Black August has spread to other parts of the country and the world, with initiatives from Cuba by the comrades in exile Nehanda Abiodun and Assata Shakur, who escaped from a dungeon in the state of New Jersey with the help of her comrade guerrillas in the BLA on November 2, 1979. Also important has been the work of the Malcolm X Grassroots Movement, MXGM, together with other organizations, poets and artists. For years, many hip hop groups have participated in Black August commemorations to raise funds and spread the word about the cases of the political prisoners.
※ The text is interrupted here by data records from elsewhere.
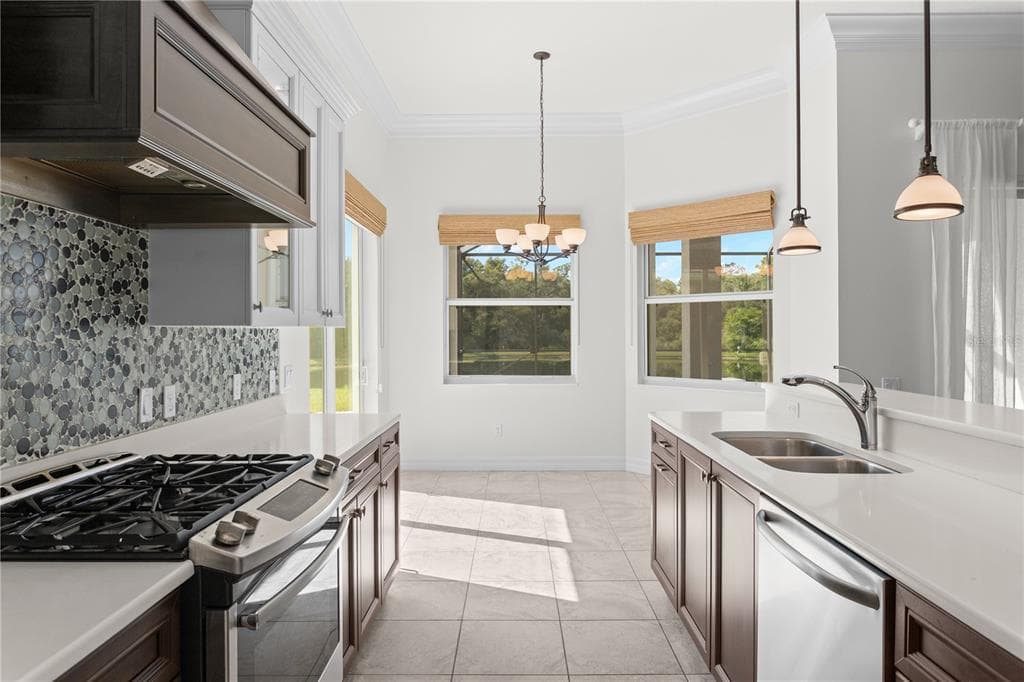 4940 TOBERMORY WAY photo 14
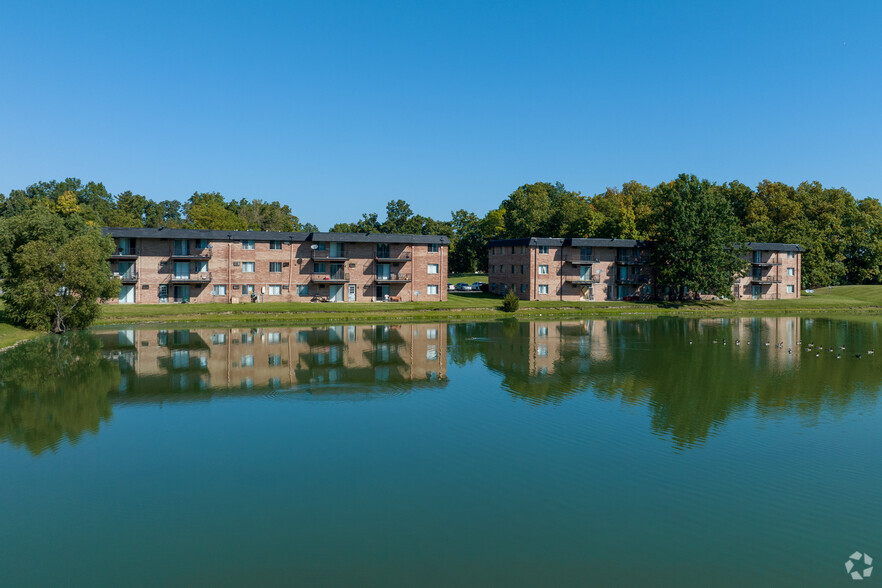 Building Photo - The Ridge Apartments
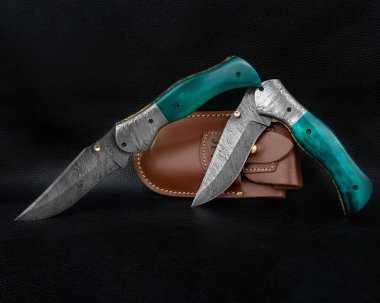 Beyaz arkaplanda izole edilmiş tahta saplı bıçaklar, üst görünüm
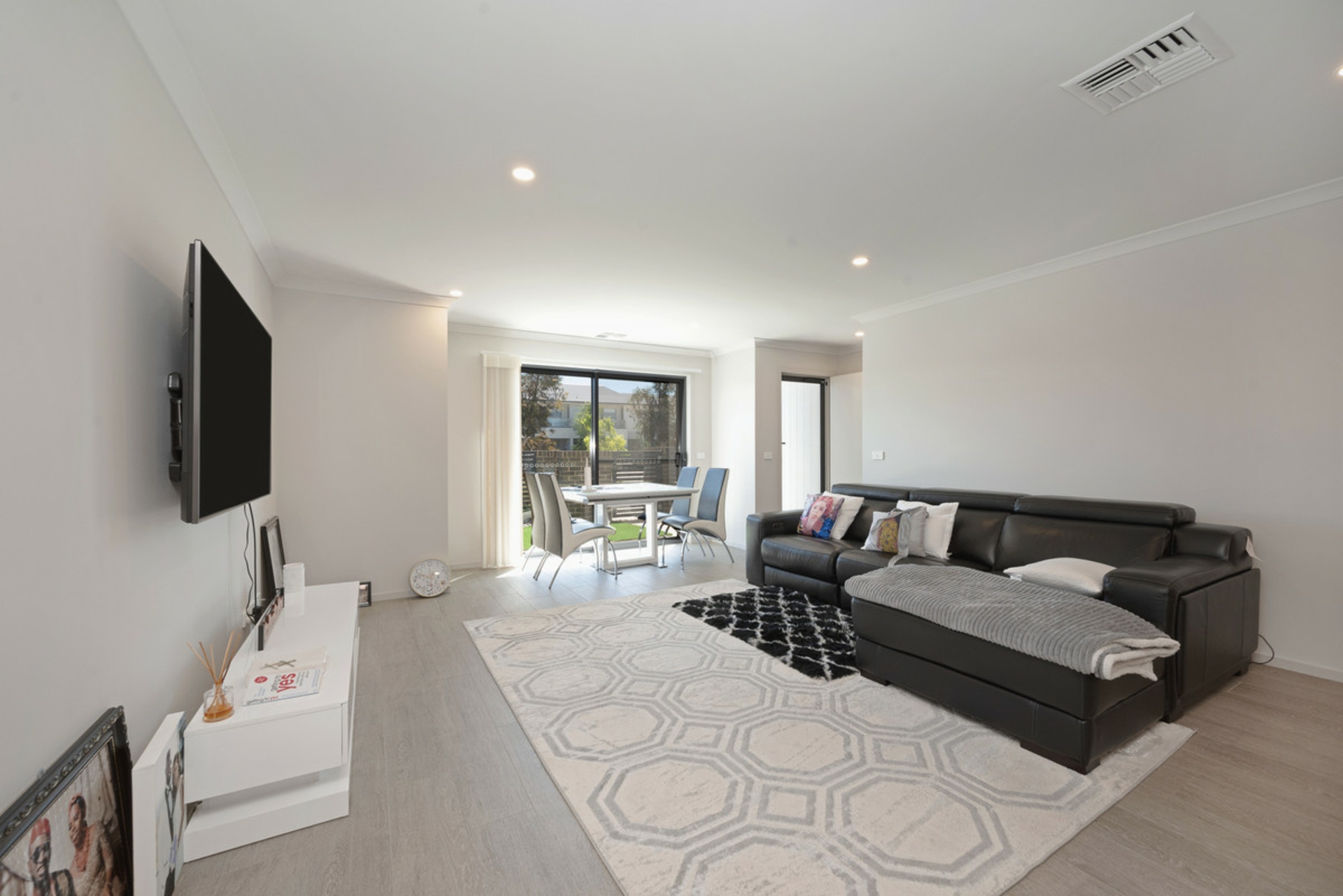 33 Hedditch Circuit, STRATHNAIRN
This book, Agosto Negro: Presas y presos politicos en pie de lucha, has been presented in Mexico in more than 20 community, university or occupied spaces, along with Spanish subtitled documentaries on Mumia Abu-Jamal, Assata Shakur, Dhoruba Bin Wahad, Sekou Odinga, Mutulu Shakur, Jalil Muntaqim, Albert Nuh Washington, David Gilbert, Ashanti Alston, George Jackson, ‘the Angola 3,’ ‘the San Francisco 8,’ the Black Panthers, the MOVE Organization, Malcolm X, Oscar Grant, the Attica Rebellion, Black August Hip Hop and COINTELPRO. The book has been reproduced in the South of Chile by Cimarrón Ediciones, both the entire book and single chapters, with creative, handcrafted covers; and has made its way to Brazil, Argentina, Costa Rica and Puerto Rico. This May, Agosto Negro was presented at the Cinéteca in Barcelona by Pensaré Cartoneras, Adherentes de la Sexta and Leonard Peltier Solidarity Committee. The Malcolm X Coordinating Committee in Brooklyn and MOVE in Philadelphia have helped get books to some prisoners, ex prisoners and families of prisoners who appear in Agosto Negro.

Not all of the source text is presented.